WORK ORDER: Take the data below and copy exactly the lines starting at the one with "VENTA PH 2 Y" and finishing at the one with "劇中に装備してた盾とバズーカを持たせてみました！", both included.

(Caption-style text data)
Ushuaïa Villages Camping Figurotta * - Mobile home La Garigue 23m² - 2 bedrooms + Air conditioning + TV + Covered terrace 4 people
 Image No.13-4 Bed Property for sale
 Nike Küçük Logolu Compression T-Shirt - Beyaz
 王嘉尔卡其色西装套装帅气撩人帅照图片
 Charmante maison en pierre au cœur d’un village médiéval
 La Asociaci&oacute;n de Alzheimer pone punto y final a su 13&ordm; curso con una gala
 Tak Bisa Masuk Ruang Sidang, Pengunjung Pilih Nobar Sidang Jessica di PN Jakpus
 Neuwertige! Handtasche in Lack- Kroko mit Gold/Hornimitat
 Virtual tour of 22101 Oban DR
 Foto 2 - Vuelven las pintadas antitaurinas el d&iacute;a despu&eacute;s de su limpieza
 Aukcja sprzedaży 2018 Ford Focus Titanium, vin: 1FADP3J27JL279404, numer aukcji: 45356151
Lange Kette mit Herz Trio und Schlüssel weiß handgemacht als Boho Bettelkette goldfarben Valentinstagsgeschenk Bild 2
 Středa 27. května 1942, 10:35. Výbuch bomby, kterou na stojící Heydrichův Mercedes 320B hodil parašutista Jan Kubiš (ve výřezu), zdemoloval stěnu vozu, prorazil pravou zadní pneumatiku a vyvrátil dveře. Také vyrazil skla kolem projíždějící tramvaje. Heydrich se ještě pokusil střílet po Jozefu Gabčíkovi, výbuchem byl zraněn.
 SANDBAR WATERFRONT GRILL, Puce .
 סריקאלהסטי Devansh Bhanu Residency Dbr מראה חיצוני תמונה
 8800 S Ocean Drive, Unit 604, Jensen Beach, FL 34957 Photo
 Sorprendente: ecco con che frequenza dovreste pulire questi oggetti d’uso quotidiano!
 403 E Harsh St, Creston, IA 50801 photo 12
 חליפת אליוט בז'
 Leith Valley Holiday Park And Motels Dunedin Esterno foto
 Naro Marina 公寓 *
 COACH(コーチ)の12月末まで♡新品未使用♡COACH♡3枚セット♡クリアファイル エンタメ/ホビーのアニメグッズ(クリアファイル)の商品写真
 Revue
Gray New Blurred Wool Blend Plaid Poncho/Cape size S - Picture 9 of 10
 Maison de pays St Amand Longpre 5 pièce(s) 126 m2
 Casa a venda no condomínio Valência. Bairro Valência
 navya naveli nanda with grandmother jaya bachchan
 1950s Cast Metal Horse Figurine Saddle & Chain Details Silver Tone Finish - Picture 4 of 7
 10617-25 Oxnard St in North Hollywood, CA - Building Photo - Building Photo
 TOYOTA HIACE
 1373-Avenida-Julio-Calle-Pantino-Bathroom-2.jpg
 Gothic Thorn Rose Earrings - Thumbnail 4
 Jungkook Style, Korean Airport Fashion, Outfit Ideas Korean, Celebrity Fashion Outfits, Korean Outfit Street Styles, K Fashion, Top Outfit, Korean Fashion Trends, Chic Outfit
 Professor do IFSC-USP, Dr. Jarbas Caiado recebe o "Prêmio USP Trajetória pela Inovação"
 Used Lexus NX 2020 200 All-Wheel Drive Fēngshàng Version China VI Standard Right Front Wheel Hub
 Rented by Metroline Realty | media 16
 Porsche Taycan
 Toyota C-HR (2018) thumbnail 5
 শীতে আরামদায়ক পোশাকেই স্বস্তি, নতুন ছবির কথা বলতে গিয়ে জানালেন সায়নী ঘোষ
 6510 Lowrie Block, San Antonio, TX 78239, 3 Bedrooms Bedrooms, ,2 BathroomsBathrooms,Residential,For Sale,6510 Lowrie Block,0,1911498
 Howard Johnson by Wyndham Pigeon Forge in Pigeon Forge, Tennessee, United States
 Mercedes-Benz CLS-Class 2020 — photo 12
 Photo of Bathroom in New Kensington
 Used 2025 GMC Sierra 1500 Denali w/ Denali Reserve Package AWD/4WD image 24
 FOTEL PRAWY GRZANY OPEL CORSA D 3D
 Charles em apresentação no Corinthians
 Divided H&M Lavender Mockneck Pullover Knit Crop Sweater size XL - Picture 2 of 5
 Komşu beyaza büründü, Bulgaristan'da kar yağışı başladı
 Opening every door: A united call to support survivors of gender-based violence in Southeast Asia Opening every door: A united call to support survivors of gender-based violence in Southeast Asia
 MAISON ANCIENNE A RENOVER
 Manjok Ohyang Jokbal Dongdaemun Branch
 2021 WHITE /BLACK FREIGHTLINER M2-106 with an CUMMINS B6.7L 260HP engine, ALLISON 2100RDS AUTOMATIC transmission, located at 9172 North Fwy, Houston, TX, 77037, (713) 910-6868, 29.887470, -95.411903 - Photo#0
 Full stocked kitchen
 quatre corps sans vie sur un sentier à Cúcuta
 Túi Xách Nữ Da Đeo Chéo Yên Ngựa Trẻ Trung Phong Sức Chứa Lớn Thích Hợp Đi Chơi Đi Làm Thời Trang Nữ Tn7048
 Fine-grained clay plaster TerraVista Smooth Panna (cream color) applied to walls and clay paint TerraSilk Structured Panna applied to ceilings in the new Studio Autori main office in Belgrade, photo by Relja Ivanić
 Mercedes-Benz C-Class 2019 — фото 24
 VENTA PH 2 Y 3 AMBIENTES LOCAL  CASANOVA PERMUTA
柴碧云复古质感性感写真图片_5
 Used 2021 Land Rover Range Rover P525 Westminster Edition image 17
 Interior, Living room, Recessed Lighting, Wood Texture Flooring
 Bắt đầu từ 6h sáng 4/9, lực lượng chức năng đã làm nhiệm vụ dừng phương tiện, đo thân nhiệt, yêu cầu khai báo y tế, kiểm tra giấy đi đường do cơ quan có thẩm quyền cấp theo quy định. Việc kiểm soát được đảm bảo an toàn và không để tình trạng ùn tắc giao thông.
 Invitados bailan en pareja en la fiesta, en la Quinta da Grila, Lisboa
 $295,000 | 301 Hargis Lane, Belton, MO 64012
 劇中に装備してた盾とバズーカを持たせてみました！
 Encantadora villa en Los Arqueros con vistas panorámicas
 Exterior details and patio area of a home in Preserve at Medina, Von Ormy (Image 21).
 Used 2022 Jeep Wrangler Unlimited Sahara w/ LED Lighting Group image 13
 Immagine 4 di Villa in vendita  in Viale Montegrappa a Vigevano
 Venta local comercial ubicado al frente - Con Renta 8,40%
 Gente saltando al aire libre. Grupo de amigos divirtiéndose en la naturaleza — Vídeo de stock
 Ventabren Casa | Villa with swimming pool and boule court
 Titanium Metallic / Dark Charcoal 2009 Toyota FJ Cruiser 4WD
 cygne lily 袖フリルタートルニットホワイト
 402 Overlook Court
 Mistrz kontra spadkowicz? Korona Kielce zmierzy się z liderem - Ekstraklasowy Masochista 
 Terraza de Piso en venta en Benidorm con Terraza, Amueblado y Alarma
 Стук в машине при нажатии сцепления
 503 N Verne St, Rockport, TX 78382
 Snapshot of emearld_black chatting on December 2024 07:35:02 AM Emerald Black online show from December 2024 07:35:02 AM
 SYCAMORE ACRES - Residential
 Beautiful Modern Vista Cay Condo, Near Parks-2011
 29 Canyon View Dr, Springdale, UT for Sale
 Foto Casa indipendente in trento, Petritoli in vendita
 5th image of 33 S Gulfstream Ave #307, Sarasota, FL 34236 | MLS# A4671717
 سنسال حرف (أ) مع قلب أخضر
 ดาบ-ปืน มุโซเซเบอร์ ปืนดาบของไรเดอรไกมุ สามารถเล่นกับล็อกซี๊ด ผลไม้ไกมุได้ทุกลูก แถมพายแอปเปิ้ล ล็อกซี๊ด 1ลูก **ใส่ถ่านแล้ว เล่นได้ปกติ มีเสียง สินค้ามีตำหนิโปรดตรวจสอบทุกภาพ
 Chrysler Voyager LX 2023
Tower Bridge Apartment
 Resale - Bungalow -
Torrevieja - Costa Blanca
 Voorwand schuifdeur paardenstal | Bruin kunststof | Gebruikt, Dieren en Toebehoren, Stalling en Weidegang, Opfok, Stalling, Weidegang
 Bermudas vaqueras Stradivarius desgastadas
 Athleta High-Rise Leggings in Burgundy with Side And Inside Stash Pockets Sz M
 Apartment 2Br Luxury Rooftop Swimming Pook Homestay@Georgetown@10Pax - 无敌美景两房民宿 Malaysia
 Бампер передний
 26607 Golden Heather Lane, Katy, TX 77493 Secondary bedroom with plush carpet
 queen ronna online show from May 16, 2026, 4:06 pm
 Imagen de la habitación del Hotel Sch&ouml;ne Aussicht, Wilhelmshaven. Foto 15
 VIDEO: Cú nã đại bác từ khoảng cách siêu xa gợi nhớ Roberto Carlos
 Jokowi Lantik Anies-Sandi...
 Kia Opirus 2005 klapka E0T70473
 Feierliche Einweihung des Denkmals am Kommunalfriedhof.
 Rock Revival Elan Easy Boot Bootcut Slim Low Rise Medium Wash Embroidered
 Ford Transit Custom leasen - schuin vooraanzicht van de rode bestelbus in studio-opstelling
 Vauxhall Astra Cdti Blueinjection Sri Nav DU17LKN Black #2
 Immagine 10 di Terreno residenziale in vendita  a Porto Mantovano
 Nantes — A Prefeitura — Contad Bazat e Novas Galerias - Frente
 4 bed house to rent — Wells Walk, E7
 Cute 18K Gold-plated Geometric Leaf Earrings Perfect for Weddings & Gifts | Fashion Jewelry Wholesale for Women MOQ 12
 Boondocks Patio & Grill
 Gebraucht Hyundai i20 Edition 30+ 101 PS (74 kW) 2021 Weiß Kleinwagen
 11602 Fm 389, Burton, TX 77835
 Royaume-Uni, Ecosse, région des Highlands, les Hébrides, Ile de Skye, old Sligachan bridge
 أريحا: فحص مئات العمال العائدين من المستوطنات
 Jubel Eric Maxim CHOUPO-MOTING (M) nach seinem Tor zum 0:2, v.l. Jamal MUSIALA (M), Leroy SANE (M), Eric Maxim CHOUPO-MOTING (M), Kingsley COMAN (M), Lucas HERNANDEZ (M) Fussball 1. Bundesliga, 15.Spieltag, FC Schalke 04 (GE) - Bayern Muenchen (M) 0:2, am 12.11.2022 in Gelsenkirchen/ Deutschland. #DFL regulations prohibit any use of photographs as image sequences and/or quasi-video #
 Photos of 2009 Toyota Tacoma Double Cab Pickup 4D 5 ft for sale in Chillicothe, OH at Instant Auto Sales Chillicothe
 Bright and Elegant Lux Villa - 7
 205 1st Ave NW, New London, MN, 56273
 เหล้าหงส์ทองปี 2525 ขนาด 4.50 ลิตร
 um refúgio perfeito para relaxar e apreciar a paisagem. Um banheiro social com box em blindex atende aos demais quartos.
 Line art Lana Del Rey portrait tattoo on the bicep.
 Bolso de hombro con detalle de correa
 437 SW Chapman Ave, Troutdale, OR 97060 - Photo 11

SOLUTION TO THE PROBLEM:
 VENTA PH 2 Y 3 AMBIENTES LOCAL  CASANOVA PERMUTA
柴碧云复古质感性感写真图片_5
 Used 2021 Land Rover Range Rover P525 Westminster Edition image 17
 Interior, Living room, Recessed Lighting, Wood Texture Flooring
 Bắt đầu từ 6h sáng 4/9, lực lượng chức năng đã làm nhiệm vụ dừng phương tiện, đo thân nhiệt, yêu cầu khai báo y tế, kiểm tra giấy đi đường do cơ quan có thẩm quyền cấp theo quy định. Việc kiểm soát được đảm bảo an toàn và không để tình trạng ùn tắc giao thông.
 Invitados bailan en pareja en la fiesta, en la Quinta da Grila, Lisboa
 $295,000 | 301 Hargis Lane, Belton, MO 64012
 劇中に装備してた盾とバズーカを持たせてみました！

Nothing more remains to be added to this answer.